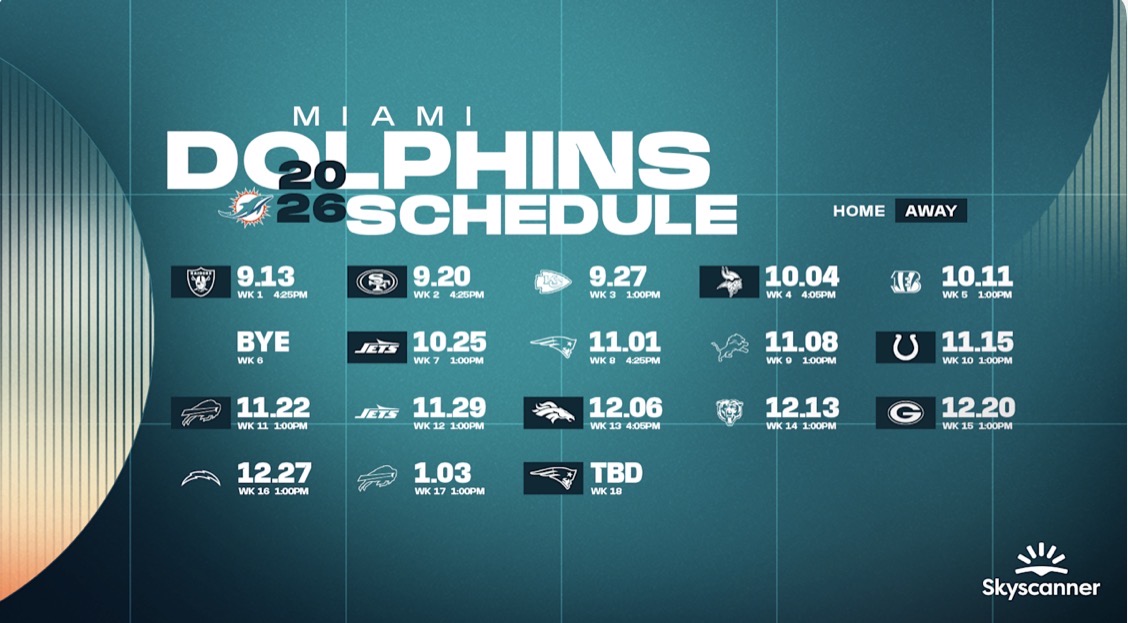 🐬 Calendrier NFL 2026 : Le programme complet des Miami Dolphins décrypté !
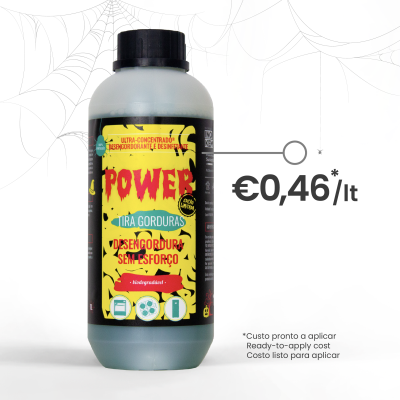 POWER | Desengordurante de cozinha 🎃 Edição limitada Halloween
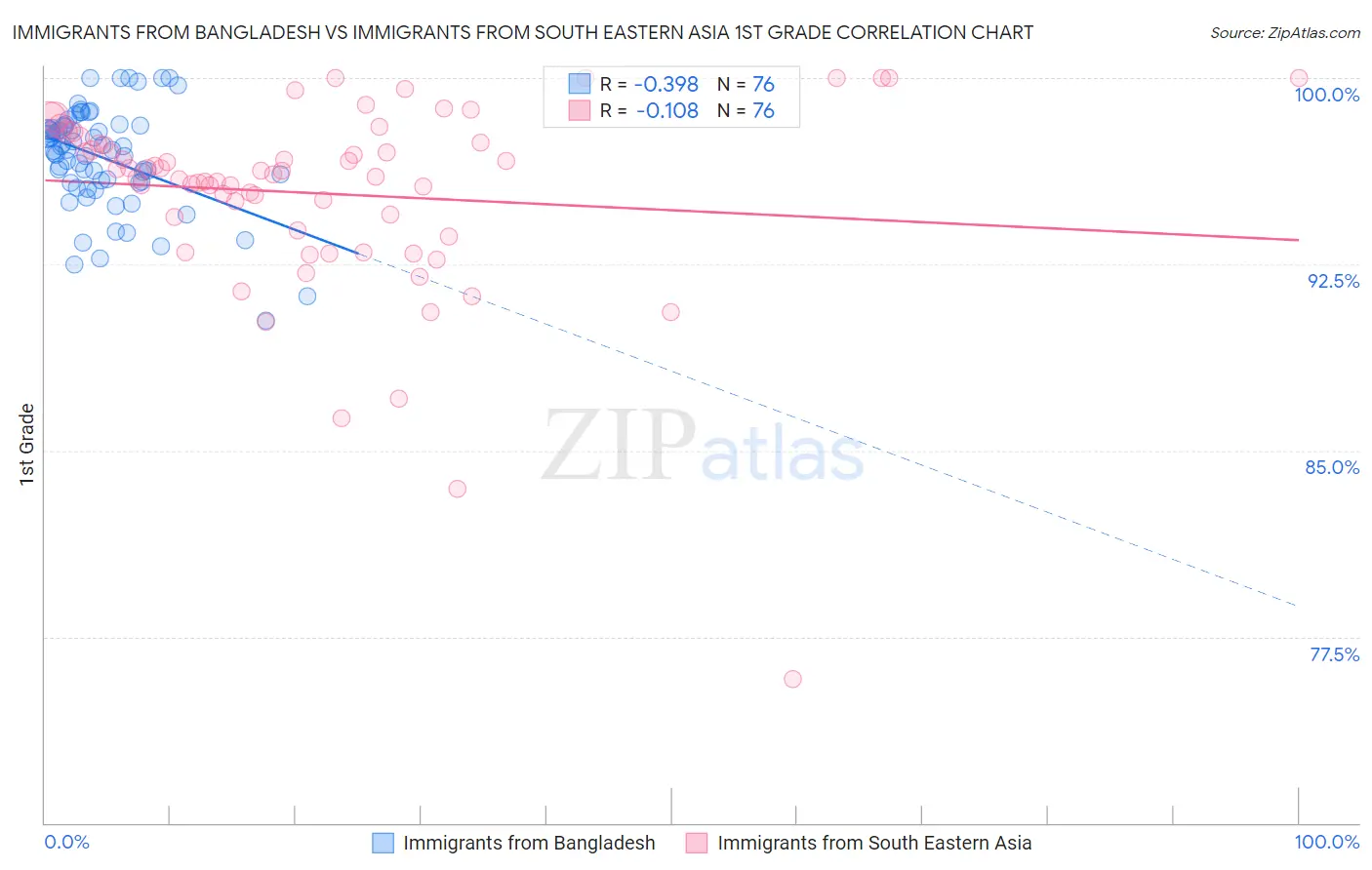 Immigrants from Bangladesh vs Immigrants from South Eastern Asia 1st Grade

::::::

_Exercise details_
The data above, line by line: transcribe it exactly and drop the pictures.

_Output for this task_
 🐬 Calendrier NFL 2026 : Le programme complet des Miami Dolphins décrypté !
 POWER | Desengordurante de cozinha 🎃 Edição limitada Halloween
 Immigrants from Bangladesh vs Immigrants from South Eastern Asia 1st Grade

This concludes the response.